Shielding my eyes against the sun I watch ducks peck at soggy bread thrown by mums and toddlers.

‘Callie used to love feeding the birds,’ Amanda says. ‘One year she wanted a swan princess party. I couldn’t find a costume to buy and Tom was working all hours so Joe bought feathers from a craft shop and stuck them onto cardboard to make her some wings. I’ll never forget her face.’ She breathes out, slow and deliberate and I take her hand.

‘Tell me about the party.’

‘It was—’ She stops and clears her throat as though unused to the sound of her own voice. ‘It was at home. Pass the parcel. Traditional games. We didn’t have much when they were small. A couple of years ago we took them to Fortnum & Mason for afternoon tea and then to a West End show. And last year we flew to Paris. I never spent my birthdays in England when I was young and I wanted them to experience the same thing. The excitement of spending your special day in a different country, but to be honest all they talked about were the parties they had as kids. The time Sophie tried to pin the tail on the donkey but stuck a drawing pin into Joe’s thigh instead. I don’t think it really hurt. She didn’t push too hard but he’d hopped around on one leg, screaming, making the girls roar with laughter. I wanted to give them everything but it rained in Paris. We took a boat trip down the Seine and it was freezing. Not the memories I wanted to create. Callie must have liked it, I suppose.

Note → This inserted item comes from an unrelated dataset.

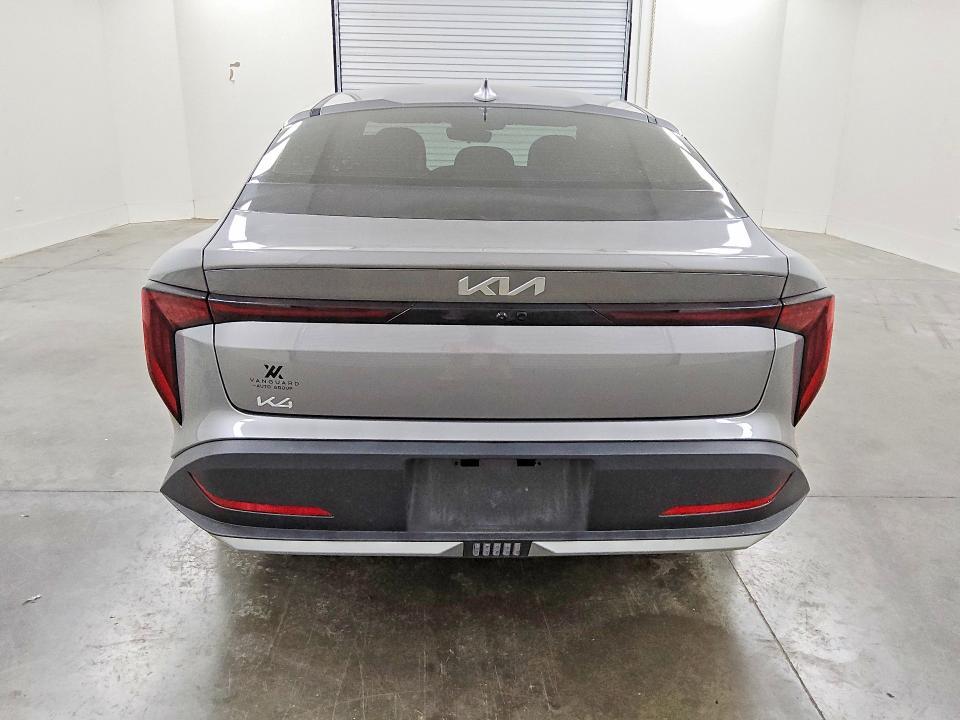 2025 KIA K4 lxs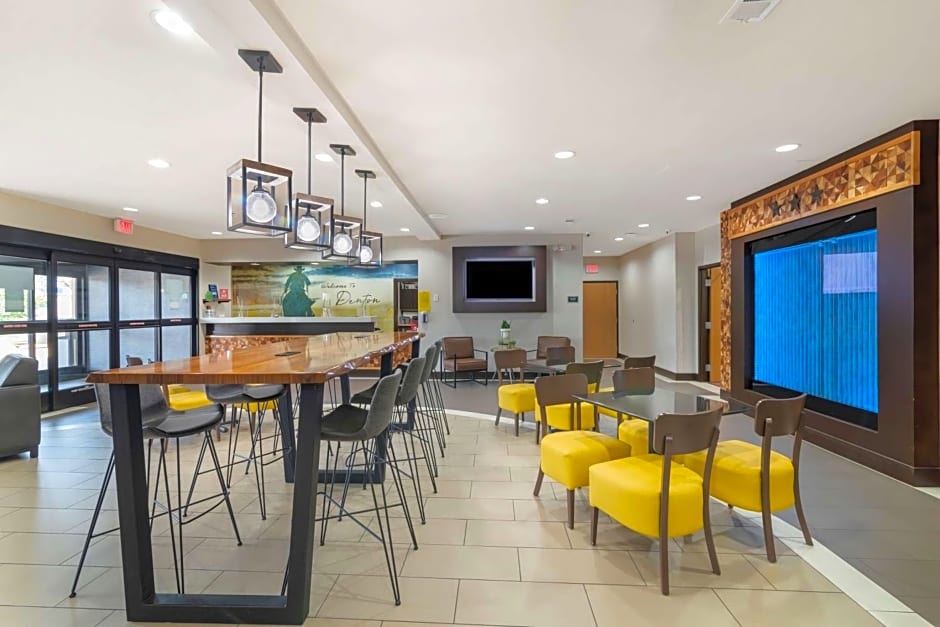 Best Western Plus Denton Inn & Suites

She went back there with Nathan a few weeks later.’

‘I think birthdays are always more exciting when you’re young. The anticipation. We grow out of that, don’t we?’

‘Maybe but I felt I always let them down. I never gave them enough.’

‘All a child needs is a mother’s love,’ I say wincing at how trite the words sound.

‘I have a bucket full of love, and no one to give it to.’ A film of tears glazes Amanda’s eyes, and I slip my arm around her.

Peals of laughter pierce the air and we both look to our right. Playing tag on a patch of grass the colour of wine bottles are two small girls, matching denim dresses, and I feel Amanda’s shoulders rise as she sharply inhales. Her eyes follow them as they chase each other, but it’s not them I’m watching. Behind them, on a bench shaded by trees, dappled sunlight obscuring his face, is a figure, black hood drawn over his head. I stare at him, and his head tilts to the side as if he knows I am looking at him but he doesn’t move.

Tom and Joe return with half melted ice cream trickling down the side of waffle cones, and Joe tries to make conversation but Tom and Amanda are transfixed by the girls, and I can’t tear my eyes away from the figure. We finish our ice creams, and as we stand, he does too.

We walk towards the exit; Tom and Joe are discussing the fish in the lake, but I don’t pay proper attention. I can’t help looking over my shoulder, the girls are still playing, the man has disappeared and I crane my neck, trying to see past the trees that flank the path, as though he might be hiding. Was he ever there at all?

‘Are you OK, Jenna?’ Joe asks.

‘Fine, thanks,’ I say, but I’m not. In spite of Vanessa explaining Secondary Traumatic Stress to me, my fear is spreading like the ripples on the duck pond, and I can’t seem to still it.